## Task
Set down exactly, from the records below, the line with "wealthinglikerabbits.com" through the line with "Virgins Saints & Angels Necklace", and nothing else.

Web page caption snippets

------------------------

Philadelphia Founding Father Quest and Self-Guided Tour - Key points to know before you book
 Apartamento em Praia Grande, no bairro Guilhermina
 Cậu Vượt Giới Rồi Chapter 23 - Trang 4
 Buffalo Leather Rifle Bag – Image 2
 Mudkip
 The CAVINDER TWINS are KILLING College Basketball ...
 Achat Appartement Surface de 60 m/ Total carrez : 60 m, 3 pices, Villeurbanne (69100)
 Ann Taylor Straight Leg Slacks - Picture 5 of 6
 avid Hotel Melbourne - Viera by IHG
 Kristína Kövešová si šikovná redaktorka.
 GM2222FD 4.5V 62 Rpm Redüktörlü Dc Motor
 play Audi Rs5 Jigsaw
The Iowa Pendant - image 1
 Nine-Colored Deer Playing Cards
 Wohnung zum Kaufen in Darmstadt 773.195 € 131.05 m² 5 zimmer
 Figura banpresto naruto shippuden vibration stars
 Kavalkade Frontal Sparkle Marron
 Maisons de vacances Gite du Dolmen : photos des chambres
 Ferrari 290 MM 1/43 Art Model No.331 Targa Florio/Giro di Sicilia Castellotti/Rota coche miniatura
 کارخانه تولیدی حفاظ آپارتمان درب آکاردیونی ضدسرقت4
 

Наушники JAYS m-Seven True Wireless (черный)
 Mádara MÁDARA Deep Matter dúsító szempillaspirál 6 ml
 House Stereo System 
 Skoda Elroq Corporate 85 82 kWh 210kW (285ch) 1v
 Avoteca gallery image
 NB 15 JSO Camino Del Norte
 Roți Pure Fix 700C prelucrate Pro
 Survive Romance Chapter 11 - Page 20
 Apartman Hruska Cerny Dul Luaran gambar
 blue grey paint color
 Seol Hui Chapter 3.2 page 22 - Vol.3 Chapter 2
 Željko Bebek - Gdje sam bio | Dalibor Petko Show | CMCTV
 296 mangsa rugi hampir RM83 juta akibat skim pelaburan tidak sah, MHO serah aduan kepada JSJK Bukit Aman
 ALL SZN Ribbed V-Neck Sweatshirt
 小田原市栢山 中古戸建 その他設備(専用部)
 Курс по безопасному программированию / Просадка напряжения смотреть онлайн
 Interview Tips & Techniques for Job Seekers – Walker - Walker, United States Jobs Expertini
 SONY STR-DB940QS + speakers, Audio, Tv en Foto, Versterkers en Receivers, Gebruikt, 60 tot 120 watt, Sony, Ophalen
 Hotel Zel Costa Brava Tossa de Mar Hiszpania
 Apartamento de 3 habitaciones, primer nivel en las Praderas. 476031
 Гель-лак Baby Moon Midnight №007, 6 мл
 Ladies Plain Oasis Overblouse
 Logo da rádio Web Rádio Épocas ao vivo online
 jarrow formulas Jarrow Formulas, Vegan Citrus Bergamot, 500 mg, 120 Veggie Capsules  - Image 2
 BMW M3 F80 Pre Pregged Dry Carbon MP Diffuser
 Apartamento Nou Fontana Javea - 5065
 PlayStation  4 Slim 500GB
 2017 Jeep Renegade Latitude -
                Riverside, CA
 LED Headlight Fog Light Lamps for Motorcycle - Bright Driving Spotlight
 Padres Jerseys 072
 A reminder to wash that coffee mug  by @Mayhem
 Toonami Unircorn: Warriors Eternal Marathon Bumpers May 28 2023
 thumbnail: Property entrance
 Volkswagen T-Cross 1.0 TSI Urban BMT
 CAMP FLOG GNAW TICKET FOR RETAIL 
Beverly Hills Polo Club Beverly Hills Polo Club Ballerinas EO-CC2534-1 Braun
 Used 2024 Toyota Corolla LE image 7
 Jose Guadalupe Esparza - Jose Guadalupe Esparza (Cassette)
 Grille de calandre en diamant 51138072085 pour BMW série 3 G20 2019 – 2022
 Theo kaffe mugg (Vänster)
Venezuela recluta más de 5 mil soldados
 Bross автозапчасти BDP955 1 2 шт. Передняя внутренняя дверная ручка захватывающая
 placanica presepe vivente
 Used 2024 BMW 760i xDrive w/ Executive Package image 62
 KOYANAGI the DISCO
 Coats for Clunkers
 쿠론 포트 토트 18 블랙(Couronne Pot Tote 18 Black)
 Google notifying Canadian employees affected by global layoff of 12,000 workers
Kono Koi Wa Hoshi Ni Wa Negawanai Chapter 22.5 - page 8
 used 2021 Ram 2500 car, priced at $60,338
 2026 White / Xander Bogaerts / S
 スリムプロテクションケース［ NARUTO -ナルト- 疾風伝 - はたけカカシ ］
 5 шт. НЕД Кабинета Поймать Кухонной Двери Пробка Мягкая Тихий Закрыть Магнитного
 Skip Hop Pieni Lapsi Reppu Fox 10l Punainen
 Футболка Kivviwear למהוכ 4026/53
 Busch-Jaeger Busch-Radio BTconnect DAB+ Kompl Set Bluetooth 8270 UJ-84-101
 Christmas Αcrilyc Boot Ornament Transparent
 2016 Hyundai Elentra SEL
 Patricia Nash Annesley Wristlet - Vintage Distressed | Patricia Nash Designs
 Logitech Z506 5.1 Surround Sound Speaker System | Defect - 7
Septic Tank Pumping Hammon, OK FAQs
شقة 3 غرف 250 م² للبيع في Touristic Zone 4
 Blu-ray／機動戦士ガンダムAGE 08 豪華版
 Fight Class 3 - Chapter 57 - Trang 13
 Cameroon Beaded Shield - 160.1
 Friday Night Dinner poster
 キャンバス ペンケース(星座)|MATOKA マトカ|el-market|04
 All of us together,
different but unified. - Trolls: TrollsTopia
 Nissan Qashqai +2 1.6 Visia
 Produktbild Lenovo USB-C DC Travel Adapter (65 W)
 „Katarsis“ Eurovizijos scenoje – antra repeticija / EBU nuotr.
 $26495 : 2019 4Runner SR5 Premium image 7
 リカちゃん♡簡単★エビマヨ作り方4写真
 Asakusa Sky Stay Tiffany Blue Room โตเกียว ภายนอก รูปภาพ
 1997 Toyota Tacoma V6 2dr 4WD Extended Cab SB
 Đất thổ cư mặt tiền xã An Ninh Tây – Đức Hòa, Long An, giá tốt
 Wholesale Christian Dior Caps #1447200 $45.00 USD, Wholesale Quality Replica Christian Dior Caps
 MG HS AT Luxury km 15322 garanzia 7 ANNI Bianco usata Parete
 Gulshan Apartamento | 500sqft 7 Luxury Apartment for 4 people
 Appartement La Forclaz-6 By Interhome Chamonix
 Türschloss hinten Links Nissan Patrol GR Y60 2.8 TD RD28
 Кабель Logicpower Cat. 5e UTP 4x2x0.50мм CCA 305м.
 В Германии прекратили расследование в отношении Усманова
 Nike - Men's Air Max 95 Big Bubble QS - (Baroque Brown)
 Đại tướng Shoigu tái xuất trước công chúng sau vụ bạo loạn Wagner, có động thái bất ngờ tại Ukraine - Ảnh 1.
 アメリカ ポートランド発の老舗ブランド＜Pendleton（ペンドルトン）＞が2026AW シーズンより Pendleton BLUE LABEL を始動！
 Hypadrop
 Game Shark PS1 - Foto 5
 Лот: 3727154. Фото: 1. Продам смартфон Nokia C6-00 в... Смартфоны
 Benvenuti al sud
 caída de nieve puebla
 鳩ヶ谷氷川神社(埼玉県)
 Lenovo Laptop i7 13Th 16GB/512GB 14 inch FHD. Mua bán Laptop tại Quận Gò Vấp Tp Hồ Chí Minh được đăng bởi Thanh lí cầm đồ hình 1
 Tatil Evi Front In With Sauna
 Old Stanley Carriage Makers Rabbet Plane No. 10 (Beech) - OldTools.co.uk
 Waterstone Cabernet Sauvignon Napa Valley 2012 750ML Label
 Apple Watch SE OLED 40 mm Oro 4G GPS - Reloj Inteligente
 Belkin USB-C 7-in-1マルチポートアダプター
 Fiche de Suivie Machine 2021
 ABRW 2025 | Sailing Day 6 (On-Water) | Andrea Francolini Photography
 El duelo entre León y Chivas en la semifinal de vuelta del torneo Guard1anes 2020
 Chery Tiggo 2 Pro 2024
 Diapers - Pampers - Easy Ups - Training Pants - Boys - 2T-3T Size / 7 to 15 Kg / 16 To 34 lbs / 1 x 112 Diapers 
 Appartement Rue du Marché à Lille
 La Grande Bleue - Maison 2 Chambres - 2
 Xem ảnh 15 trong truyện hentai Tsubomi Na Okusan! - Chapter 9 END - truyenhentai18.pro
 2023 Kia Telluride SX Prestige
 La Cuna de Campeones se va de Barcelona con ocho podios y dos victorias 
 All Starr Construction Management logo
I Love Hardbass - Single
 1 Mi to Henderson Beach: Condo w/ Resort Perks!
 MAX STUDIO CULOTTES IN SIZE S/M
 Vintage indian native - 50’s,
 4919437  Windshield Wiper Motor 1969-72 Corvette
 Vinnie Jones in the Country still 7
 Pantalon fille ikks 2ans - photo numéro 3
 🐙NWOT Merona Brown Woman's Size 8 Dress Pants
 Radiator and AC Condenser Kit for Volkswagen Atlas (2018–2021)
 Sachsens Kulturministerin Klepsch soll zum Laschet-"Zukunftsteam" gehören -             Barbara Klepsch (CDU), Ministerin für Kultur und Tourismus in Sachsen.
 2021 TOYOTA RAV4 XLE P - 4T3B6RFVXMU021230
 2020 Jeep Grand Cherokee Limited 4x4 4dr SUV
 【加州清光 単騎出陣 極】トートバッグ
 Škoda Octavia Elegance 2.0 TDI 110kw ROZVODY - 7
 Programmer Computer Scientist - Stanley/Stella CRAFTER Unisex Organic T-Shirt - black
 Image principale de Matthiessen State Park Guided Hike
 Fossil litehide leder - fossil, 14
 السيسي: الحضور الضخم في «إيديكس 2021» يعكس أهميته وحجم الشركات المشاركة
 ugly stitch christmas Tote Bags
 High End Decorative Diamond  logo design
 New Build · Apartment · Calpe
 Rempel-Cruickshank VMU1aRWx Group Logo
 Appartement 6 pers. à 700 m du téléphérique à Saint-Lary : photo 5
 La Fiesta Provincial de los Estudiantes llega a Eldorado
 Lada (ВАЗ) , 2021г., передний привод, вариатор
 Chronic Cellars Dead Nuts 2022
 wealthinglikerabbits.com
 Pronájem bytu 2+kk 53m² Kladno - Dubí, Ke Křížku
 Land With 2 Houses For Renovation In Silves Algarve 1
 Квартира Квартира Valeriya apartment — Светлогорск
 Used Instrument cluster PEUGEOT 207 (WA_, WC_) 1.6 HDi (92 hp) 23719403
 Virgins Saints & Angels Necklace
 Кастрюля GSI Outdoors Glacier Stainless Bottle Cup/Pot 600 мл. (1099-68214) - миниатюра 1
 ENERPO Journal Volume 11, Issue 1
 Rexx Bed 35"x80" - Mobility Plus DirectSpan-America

------------------------

## Expected answer
 wealthinglikerabbits.com
 Pronájem bytu 2+kk 53m² Kladno - Dubí, Ke Křížku
 Land With 2 Houses For Renovation In Silves Algarve 1
 Квартира Квартира Valeriya apartment — Светлогорск
 Used Instrument cluster PEUGEOT 207 (WA_, WC_) 1.6 HDi (92 hp) 23719403
 Virgins Saints & Angels Necklace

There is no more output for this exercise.